Work to complete: Repeat each entry as written and leave the images out of the copy.

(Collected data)

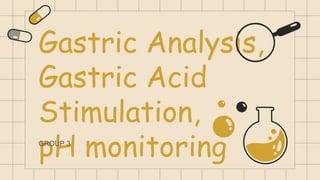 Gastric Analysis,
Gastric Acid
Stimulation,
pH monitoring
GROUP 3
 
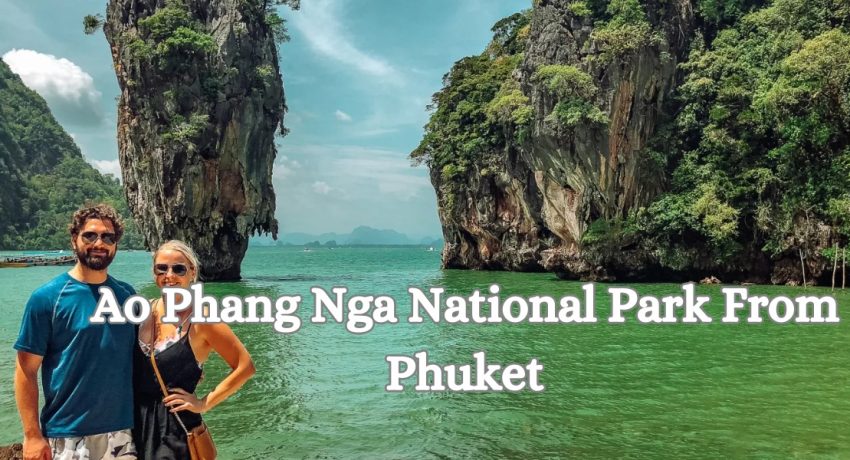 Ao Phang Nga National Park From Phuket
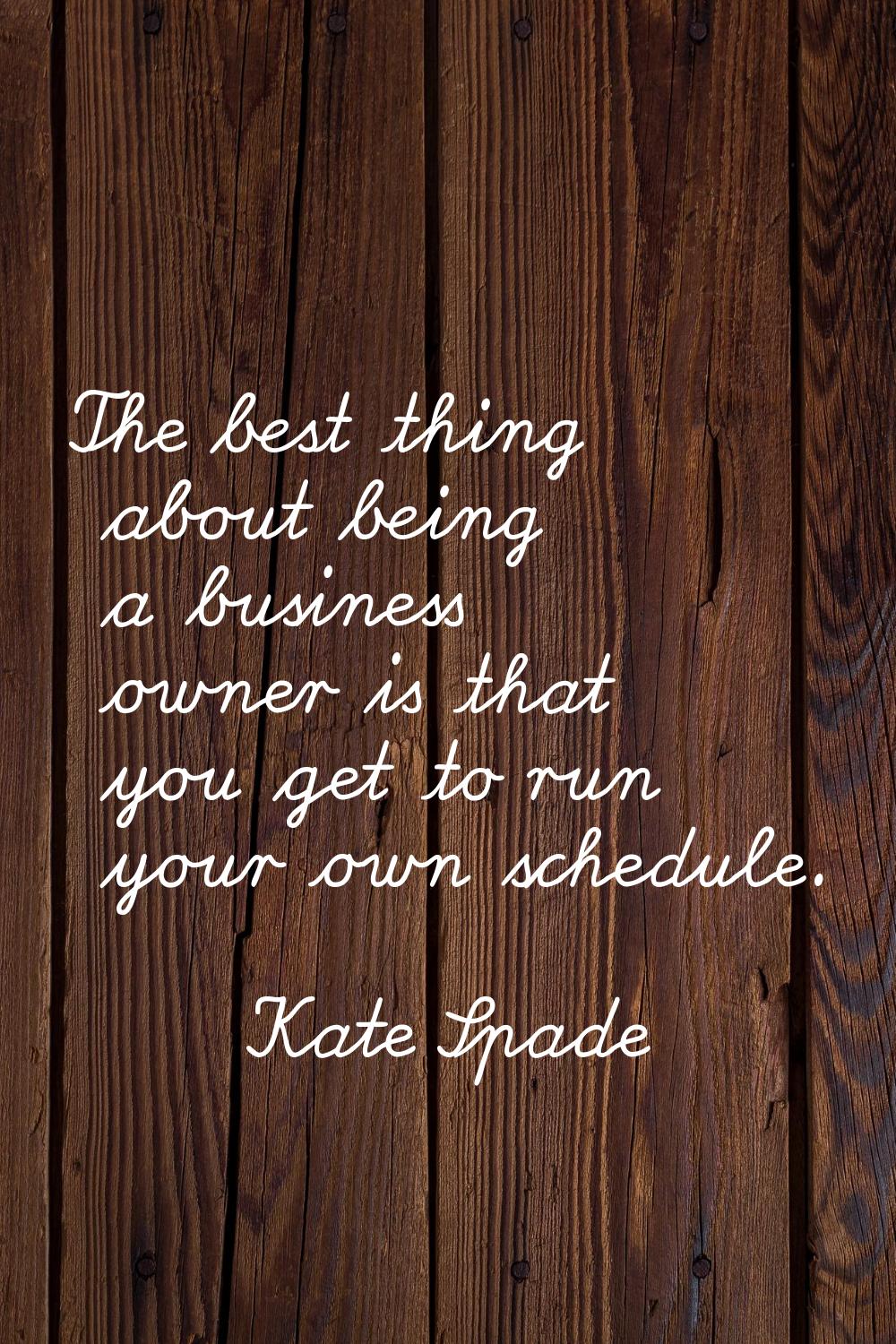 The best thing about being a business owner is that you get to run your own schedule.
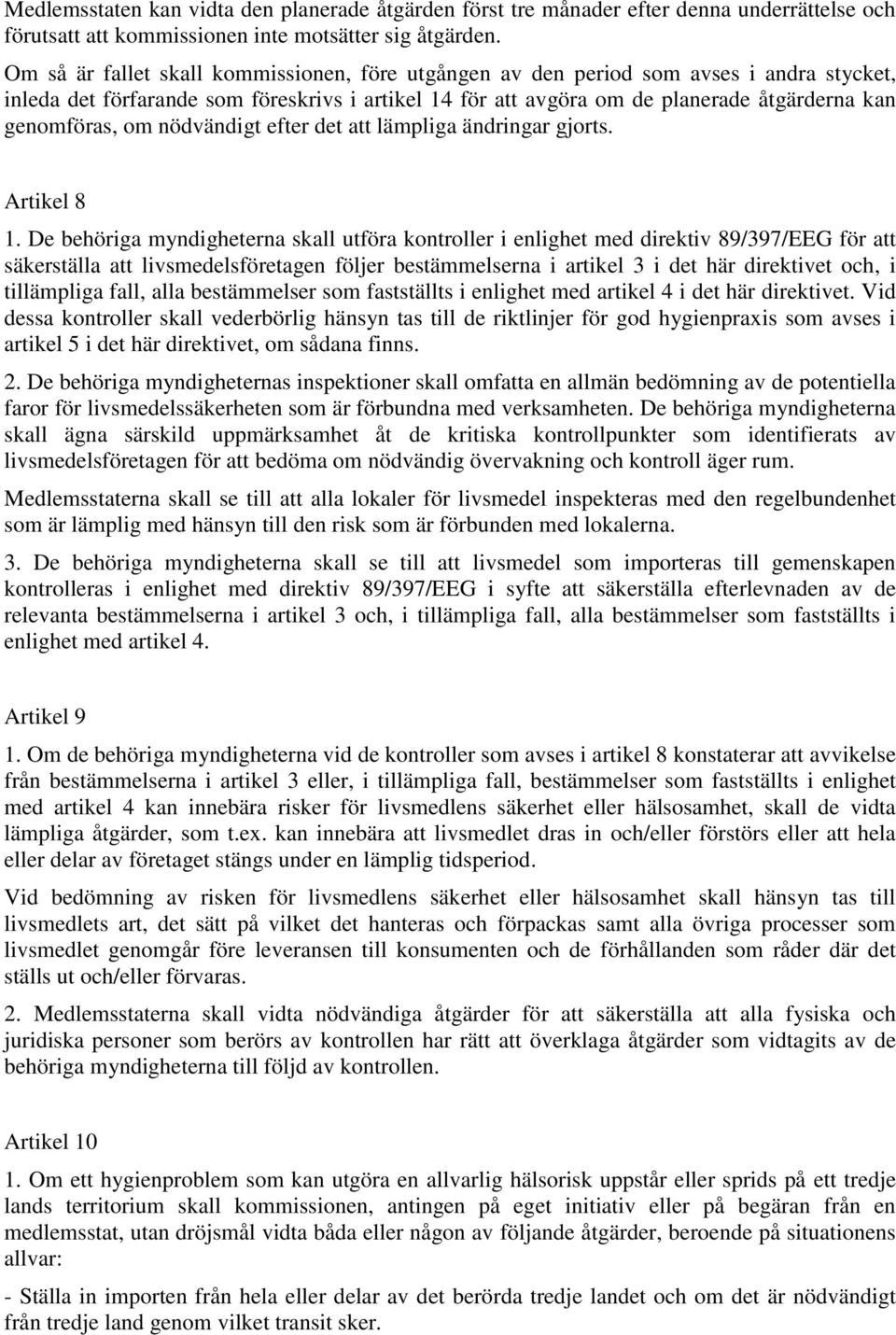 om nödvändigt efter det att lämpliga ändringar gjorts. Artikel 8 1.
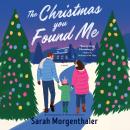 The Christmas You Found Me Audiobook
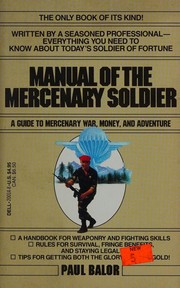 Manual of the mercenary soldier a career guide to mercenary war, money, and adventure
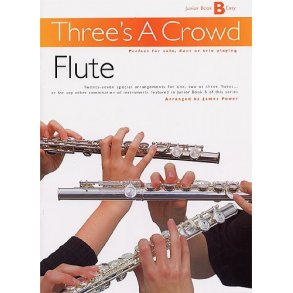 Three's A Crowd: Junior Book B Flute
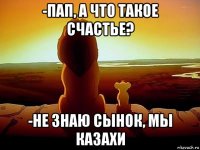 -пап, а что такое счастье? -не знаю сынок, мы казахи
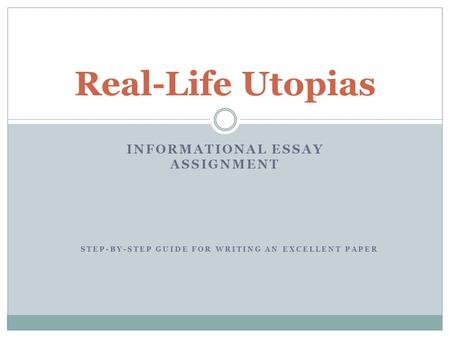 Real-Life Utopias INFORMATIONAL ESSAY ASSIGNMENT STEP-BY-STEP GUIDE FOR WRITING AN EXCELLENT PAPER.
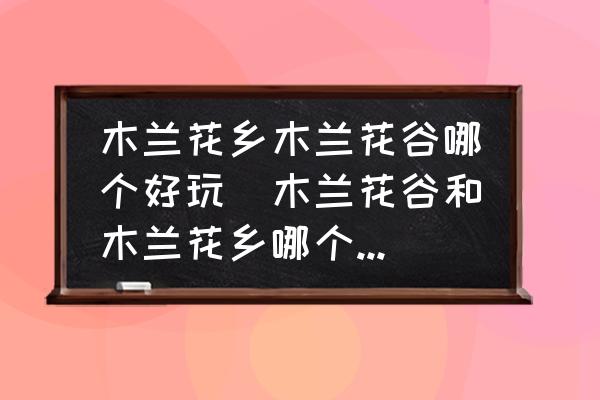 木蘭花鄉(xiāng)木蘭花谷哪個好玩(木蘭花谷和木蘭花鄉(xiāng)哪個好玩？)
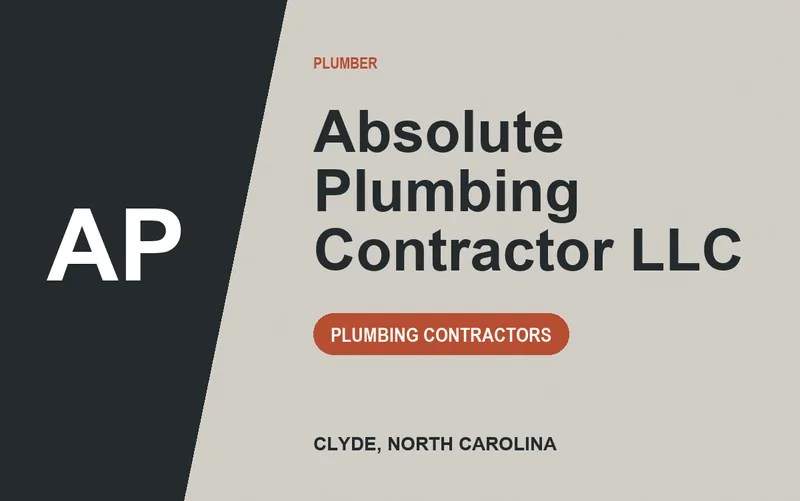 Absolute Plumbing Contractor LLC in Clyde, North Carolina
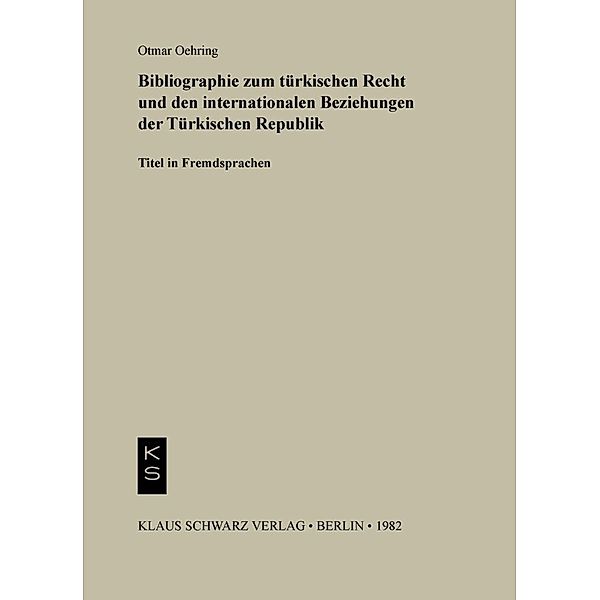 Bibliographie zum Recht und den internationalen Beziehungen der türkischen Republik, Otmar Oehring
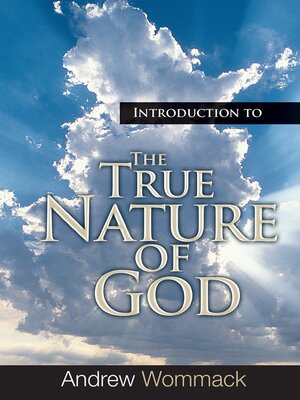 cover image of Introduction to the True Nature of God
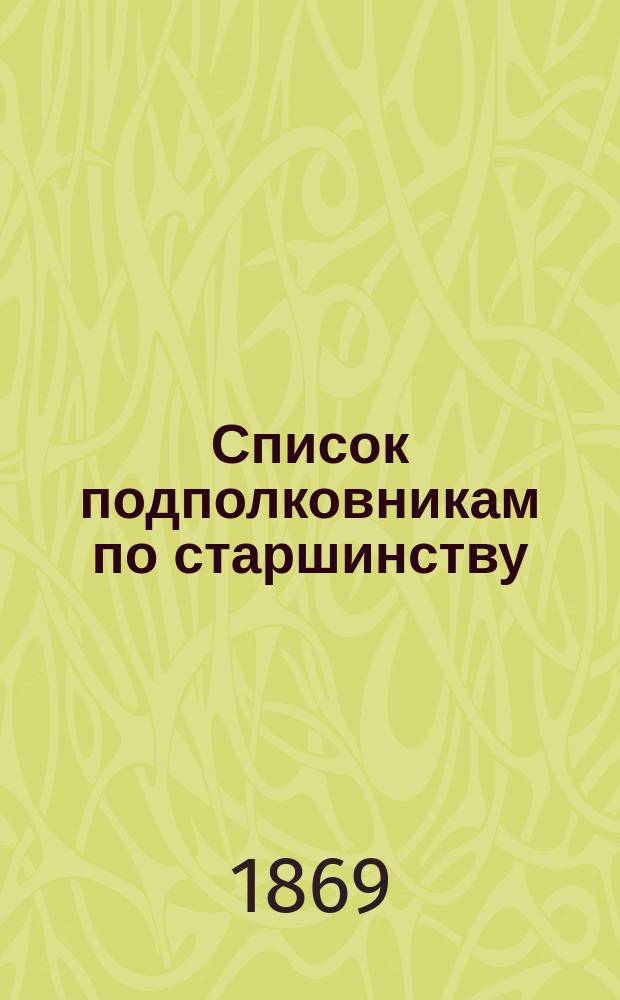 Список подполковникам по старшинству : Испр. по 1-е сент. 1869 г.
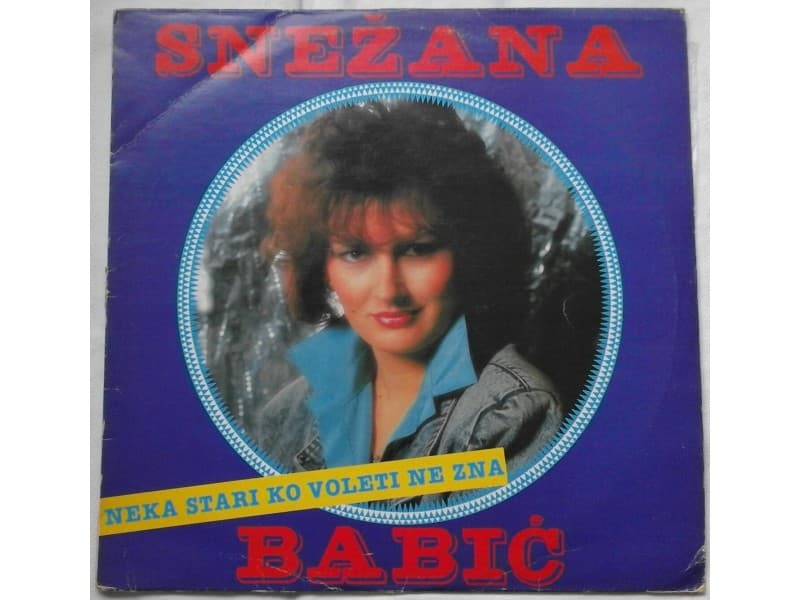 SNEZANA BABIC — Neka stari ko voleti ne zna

Completed exercise:
 Gastric Analysis,
Gastric Acid
Stimulation,
pH monitoring
GROUP 3
 
 Ao Phang Nga National Park From Phuket
 The best thing about being a business owner is that you get to run your own schedule.
 om nödvändigt efter det att lämpliga ändringar gjorts. Artikel 8 1.
 The Christmas You Found Me Audiobook
 Manual of the mercenary soldier a career guide to mercenary war, money, and adventure
 Three's A Crowd: Junior Book B Flute
 -пап, а что такое счастье? -не знаю сынок, мы казахи
 Real-Life Utopias INFORMATIONAL ESSAY ASSIGNMENT STEP-BY-STEP GUIDE FOR WRITING AN EXCELLENT PAPER.
 木蘭花鄉(xiāng)木蘭花谷哪個好玩(木蘭花谷和木蘭花鄉(xiāng)哪個好玩？)
 Absolute Plumbing Contractor LLC in Clyde, North Carolina
 Bibliographie zum Recht und den internationalen Beziehungen der türkischen Republik, Otmar Oehring
 cover image of Introduction to the True Nature of God
 Список подполковникам по старшинству : Испр. по 1-е сент. 1869 г.
 SNEZANA BABIC — Neka stari ko voleti ne zna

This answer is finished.